I clumb the steps of the end car and looked round me. On the one side was the mesquite, all black now, and quiet. Say! I hated t’ think it didn’t stretch all the way East! Here, on the other side was the deepot, and Dutchy’s, and the bunk-house, and the feed-shop, and Silverstein’s, and the post-office––

“So long, Cupid!”–it was all-t’gether, gals and fellers, too. Then, “Yee-ee-ee-oop!”–the ole cow-punch yell.

“So long, boys!” I waved my Stetson.

Next thing, Briggs City begun t’ slip back’ards–slow at first, then faster and faster. The hollerin’ of the bunch got sorta fadey; the deepot lights got littler and littler. Off t’ the right, a new light sprung up–it was the lamp in the sittin’-room at the Bar Y.

“Boss,” I says out loud, “they’s a little, empty rockin’-chair byside yourn t’-night. Wal, I’ll never come back this way no more ’less you’ baby gal is home at the ranch-house again t’ fill it.”

Then, I picked up my satchel and hunted the day-coach.

A-course, when I reached Chicago, the first thing I done was to take a fly at that railroad on stilts. Next, I had t’ go over and turn my lanterns on the lake. Pretty soon I was so all-fired broke-in that I could stand on a street corner without bein’ hitched. But people was a-takin’ me fer Bill Cody, and the kids had a notion to fall in behind when I walked any. So I made myself look cityfied. I got a suit–a nice, kinda brownish-reddish colour. I done my sombrero up in a newspaper and purchased a round hat, black and turrible tony. I bought me some sateen shirts,–black, too, with turn-down collars and little bits of white stripes. A white satin tie last of all, and, say! I was fixed!

Wal, after seein’ Chicago, it stands t’ reason that Noo York cain’t git a feller scairt so awful much. Anyhow, it didn’t me. The minute I got offen the train at the Grand Central, I got my boots greased and my clothes breshed; then I looked up one of them Fourth of July hitchin’-posts and had my jaw scraped and my mane cut.

“Pardner,” I says t’ the barber feller, “I want t’ rent a cheap room.”

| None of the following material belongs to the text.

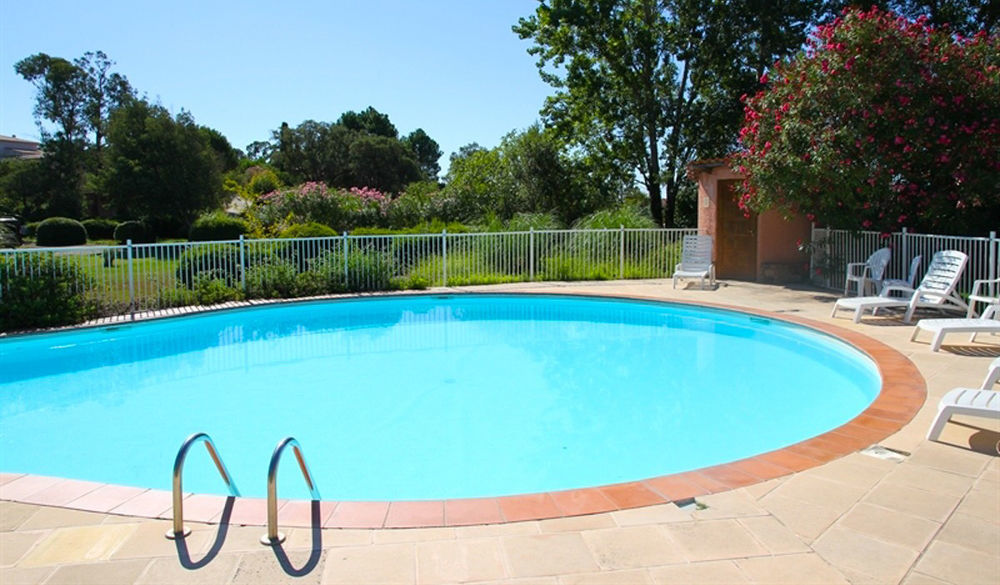 Aparthotel Complesso Residenziale Marina Di Pinarello Pinarellu Exteriér fotografie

“Look in the papers,” he advises.

’Twixt him and me, we located a place afore long, and he showed me how t’ git to it. Wal, sir, I was settled in a jiffy. The room wasn’t bigger ’n a two-spot, and the bed was one of them jack-knife kind. But I liked the looks of the shebang. The lady that run it, she almost fell over when I tole her I was a cow-punch.

“Why!” she says, “are y’ shore? You’re tall enough, but you’re a little thick-set. I thought all cow-boys was very slender.”

“No, ma’am,” I says; “we’re slender in books, I reckon. But out in Oklahomaw we come in all styles.”

“Wal,” she goes on, “they’s something else I want to ast. Now, you ain’t a-goin’ to shoot ’round here, are y’? Would you just as lief put you’ pistols away whilst you’re in my house?”

I got serious then. “Ma’am,” I says, “sorry I cain’t oblige y’. But the boys tole me a gun is plumb needful in Noo York. When it comes to killin’ and robbin’, the West has got to back outen the lead.”

You oughta saw her face!

But I didn’t want to look fer no other room, so I pretended t’ knuckle. “I promise not to blow out the gas with my forty-five,” I says, “and I won’t rope no trolley cars–if you’ll please tell me where folks go in this town when they want t’ ride a hoss?”

“Why, in Central Park,” she answers, “on the bridle path.”

“Thank y’, ma’am,” I says, and lit out.

A-course, ’most any person ’d wonder what I’d ast the boardin’-house lady that fer. Wal, I ast it ’cause I knowed Macie Sewell good enough to lay my money on one thing: She was too all-fired gone on hosses to stay offen a saddle more’n twenty-four hours at a stretch.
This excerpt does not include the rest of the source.